[Data items]
--

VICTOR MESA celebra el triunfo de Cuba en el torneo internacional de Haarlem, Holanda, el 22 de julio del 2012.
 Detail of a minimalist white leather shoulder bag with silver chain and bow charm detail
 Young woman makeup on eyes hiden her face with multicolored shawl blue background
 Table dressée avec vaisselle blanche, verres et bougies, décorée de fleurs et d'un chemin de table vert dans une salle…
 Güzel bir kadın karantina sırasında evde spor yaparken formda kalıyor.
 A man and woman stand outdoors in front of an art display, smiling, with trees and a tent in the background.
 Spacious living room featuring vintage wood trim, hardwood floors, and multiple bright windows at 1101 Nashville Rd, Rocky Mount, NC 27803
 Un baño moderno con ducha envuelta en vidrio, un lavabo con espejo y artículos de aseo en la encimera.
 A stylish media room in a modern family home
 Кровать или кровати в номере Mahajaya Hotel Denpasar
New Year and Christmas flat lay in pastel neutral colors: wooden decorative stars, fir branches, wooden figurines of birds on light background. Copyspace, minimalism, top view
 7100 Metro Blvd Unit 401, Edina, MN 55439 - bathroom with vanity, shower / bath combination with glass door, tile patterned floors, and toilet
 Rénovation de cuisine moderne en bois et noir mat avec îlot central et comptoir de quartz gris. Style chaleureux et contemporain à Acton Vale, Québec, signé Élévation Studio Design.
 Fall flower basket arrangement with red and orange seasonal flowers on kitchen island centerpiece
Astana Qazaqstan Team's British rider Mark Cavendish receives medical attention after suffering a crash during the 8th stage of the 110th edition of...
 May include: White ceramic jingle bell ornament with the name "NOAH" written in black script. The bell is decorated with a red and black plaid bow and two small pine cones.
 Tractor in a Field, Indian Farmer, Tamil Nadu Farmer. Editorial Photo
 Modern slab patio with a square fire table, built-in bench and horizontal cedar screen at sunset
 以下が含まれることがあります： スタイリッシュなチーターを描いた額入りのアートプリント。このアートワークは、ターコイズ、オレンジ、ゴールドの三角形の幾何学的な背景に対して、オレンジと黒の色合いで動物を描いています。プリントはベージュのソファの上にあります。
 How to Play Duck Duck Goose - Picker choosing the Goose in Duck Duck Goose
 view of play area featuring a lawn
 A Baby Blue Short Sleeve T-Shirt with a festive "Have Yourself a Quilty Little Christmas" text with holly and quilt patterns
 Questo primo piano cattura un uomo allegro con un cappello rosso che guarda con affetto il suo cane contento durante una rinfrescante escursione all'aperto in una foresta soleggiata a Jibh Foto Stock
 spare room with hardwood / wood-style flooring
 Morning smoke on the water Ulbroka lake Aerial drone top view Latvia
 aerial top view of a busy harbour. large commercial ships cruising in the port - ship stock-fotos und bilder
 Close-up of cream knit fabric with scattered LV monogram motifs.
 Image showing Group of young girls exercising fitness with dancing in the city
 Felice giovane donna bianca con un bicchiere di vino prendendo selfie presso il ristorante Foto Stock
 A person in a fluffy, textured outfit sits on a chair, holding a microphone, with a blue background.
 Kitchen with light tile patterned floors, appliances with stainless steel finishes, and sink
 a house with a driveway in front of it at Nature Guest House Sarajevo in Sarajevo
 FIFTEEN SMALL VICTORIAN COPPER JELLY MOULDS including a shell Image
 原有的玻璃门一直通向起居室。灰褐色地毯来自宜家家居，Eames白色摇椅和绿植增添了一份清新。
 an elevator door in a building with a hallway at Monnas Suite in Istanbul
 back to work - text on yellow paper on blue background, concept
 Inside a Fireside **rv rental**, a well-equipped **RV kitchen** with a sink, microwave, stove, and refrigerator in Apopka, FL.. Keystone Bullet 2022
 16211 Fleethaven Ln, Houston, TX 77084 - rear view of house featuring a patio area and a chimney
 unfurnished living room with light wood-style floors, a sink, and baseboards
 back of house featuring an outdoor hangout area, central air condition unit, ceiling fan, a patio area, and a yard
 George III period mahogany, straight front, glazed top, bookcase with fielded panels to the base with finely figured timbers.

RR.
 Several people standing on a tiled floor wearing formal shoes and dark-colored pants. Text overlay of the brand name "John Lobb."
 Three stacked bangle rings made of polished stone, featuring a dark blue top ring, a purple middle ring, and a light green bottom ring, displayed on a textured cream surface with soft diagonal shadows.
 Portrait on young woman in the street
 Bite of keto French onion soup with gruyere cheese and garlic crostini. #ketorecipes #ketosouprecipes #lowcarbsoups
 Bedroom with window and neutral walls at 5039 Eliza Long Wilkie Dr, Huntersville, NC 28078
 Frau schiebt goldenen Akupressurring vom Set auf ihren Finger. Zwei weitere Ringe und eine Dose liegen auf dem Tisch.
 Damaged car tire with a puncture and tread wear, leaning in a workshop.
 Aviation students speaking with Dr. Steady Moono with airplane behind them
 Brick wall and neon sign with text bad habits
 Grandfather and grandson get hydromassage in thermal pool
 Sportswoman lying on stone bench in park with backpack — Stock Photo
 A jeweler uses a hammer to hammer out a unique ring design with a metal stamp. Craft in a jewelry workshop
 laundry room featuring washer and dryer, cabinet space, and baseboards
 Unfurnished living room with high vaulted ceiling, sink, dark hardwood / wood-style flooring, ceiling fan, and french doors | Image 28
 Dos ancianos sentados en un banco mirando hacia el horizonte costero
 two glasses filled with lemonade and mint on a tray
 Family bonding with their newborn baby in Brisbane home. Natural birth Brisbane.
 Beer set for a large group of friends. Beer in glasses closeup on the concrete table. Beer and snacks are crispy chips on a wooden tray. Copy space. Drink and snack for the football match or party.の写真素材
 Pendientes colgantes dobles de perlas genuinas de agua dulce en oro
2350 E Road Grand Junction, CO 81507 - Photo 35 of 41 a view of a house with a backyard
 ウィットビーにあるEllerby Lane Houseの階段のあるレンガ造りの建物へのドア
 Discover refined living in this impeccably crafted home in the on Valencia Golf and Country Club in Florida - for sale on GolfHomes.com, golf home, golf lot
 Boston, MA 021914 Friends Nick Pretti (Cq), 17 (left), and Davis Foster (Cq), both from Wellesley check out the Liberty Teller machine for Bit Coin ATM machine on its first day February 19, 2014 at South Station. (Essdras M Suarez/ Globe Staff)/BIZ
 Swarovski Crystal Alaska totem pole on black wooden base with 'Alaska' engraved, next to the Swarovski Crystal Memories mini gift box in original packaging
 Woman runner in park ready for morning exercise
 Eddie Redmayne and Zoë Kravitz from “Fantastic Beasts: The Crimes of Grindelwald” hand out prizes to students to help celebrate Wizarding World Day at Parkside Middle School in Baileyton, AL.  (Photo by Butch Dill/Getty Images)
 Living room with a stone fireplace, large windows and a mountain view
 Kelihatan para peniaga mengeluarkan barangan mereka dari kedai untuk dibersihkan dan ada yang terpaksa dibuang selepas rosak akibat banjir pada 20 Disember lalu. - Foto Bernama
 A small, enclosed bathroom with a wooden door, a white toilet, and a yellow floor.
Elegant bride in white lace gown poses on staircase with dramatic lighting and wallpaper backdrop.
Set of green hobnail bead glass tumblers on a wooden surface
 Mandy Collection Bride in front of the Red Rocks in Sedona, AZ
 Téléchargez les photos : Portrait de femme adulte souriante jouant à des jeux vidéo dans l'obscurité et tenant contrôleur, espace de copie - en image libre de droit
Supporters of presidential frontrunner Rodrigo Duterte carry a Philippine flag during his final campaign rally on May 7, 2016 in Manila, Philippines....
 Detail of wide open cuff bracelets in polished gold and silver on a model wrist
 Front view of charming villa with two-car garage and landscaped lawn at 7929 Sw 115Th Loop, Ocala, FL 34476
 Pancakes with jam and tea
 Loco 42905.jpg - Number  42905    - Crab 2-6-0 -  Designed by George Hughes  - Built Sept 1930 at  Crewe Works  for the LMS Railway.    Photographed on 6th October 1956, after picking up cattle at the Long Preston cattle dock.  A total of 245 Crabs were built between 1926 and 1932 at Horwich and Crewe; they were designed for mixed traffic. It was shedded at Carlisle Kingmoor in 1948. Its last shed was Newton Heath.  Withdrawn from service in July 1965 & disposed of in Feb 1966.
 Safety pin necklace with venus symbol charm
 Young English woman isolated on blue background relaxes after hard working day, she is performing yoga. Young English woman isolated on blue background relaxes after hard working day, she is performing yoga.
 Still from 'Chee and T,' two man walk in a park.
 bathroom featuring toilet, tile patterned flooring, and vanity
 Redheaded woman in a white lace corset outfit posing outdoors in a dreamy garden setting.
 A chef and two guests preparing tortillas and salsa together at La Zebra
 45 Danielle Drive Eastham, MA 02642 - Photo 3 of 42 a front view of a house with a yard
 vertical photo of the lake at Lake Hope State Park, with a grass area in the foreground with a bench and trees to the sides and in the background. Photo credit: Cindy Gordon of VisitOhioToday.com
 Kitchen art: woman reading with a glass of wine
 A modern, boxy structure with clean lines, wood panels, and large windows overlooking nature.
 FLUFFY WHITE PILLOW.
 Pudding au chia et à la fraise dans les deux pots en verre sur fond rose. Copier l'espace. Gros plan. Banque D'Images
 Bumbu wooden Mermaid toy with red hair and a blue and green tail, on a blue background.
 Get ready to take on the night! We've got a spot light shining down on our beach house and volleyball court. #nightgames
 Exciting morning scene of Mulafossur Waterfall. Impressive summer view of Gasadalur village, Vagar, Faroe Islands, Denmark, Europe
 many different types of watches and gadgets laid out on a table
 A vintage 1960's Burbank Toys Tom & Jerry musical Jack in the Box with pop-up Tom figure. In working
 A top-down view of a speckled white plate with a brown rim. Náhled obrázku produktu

--

__Exercise aim__: Go to the line with "Beer set for" in the entries above and repeat every line from there through the line with "Living room with a", exactly and with no other text.

__Solution for this exercise__:
 Beer set for a large group of friends. Beer in glasses closeup on the concrete table. Beer and snacks are crispy chips on a wooden tray. Copy space. Drink and snack for the football match or party.の写真素材
 Pendientes colgantes dobles de perlas genuinas de agua dulce en oro
2350 E Road Grand Junction, CO 81507 - Photo 35 of 41 a view of a house with a backyard
 ウィットビーにあるEllerby Lane Houseの階段のあるレンガ造りの建物へのドア
 Discover refined living in this impeccably crafted home in the on Valencia Golf and Country Club in Florida - for sale on GolfHomes.com, golf home, golf lot
 Boston, MA 021914 Friends Nick Pretti (Cq), 17 (left), and Davis Foster (Cq), both from Wellesley check out the Liberty Teller machine for Bit Coin ATM machine on its first day February 19, 2014 at South Station. (Essdras M Suarez/ Globe Staff)/BIZ
 Swarovski Crystal Alaska totem pole on black wooden base with 'Alaska' engraved, next to the Swarovski Crystal Memories mini gift box in original packaging
 Woman runner in park ready for morning exercise
 Eddie Redmayne and Zoë Kravitz from “Fantastic Beasts: The Crimes of Grindelwald” hand out prizes to students to help celebrate Wizarding World Day at Parkside Middle School in Baileyton, AL.  (Photo by Butch Dill/Getty Images)
 Living room with a stone fireplace, large windows and a mountain view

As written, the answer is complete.